§ **Problem to work on**: In full and exactly, please return the records, but keep out the pictures.

§ **Extracted information**:

☆ ☆ ☆

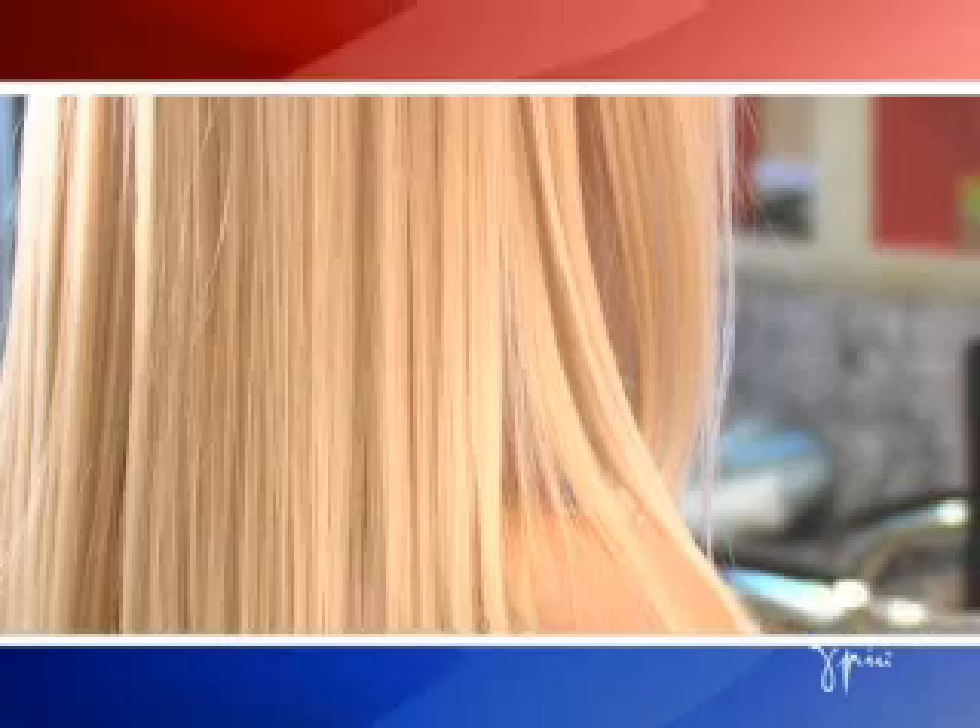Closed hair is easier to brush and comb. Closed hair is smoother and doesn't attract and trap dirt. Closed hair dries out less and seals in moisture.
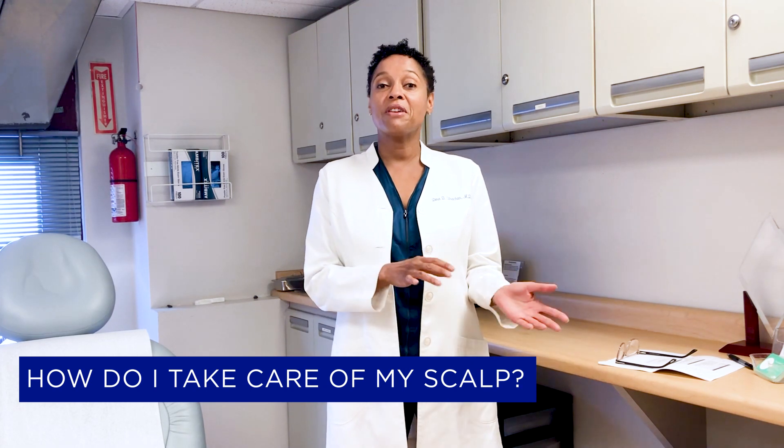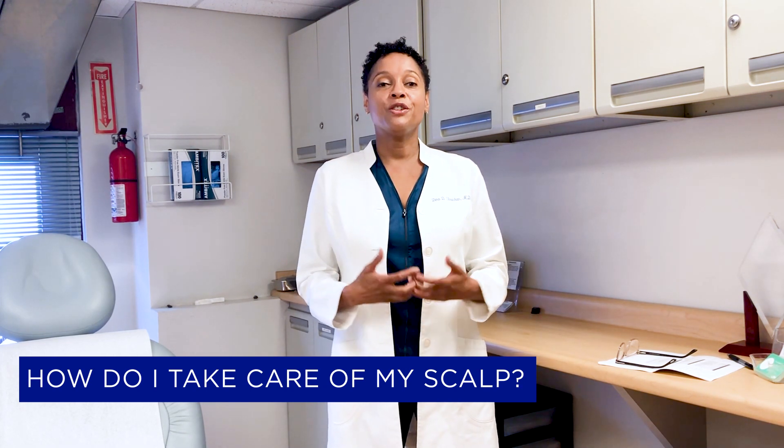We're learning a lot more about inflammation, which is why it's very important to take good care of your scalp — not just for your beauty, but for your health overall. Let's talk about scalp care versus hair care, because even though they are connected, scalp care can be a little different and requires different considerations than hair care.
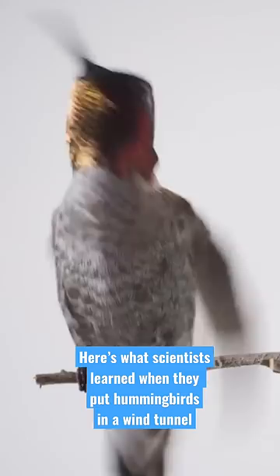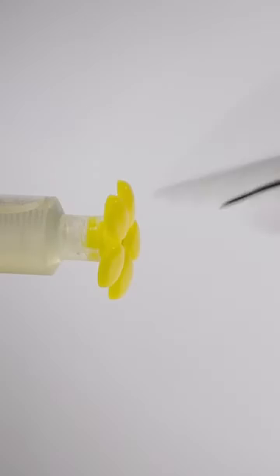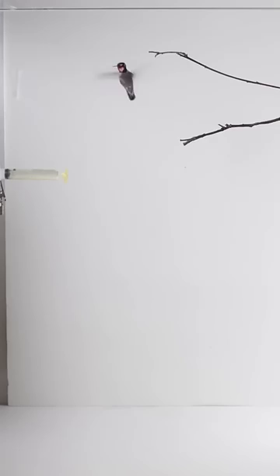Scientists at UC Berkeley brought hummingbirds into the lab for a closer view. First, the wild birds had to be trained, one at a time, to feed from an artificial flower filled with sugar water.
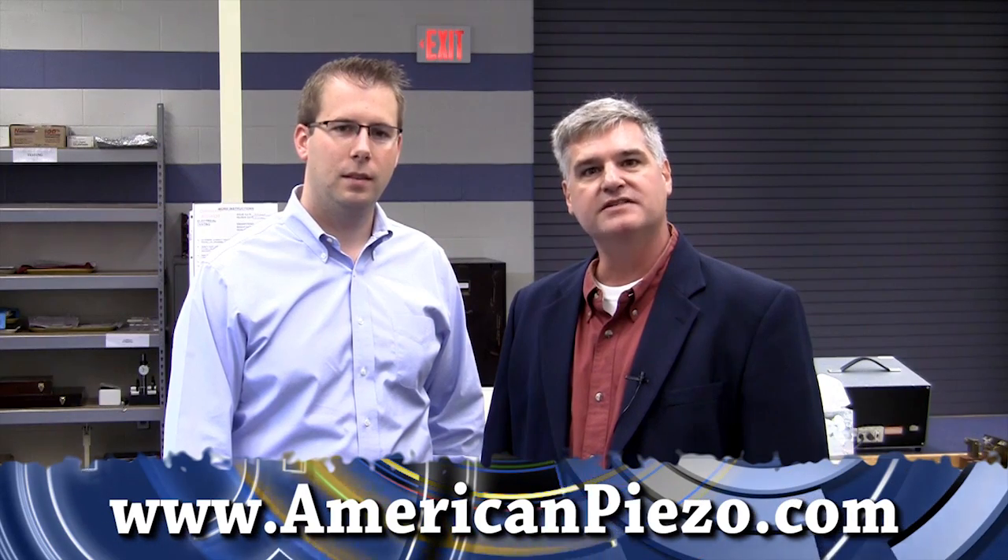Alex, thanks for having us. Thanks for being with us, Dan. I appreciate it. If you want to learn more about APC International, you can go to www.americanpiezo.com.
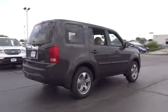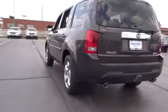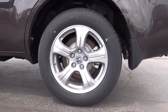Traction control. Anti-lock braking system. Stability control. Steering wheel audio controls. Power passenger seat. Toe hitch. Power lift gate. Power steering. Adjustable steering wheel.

☆ ☆ ☆

§ **Exercise solution**:
Closed hair is easier to brush and comb. Closed hair is smoother and doesn't attract and trap dirt. Closed hair dries out less and seals in moisture.
We're learning a lot more about inflammation, which is why it's very important to take good care of your scalp — not just for your beauty, but for your health overall. Let's talk about scalp care versus hair care, because even though they are connected, scalp care can be a little different and requires different considerations than hair care.
Scientists at UC Berkeley brought hummingbirds into the lab for a closer view. First, the wild birds had to be trained, one at a time, to feed from an artificial flower filled with sugar water.
Alex, thanks for having us. Thanks for being with us, Dan. I appreciate it. If you want to learn more about APC International, you can go to www.americanpiezo.com.
Traction control. Anti-lock braking system. Stability control. Steering wheel audio controls. Power passenger seat. Toe hitch. Power lift gate. Power steering. Adjustable steering wheel.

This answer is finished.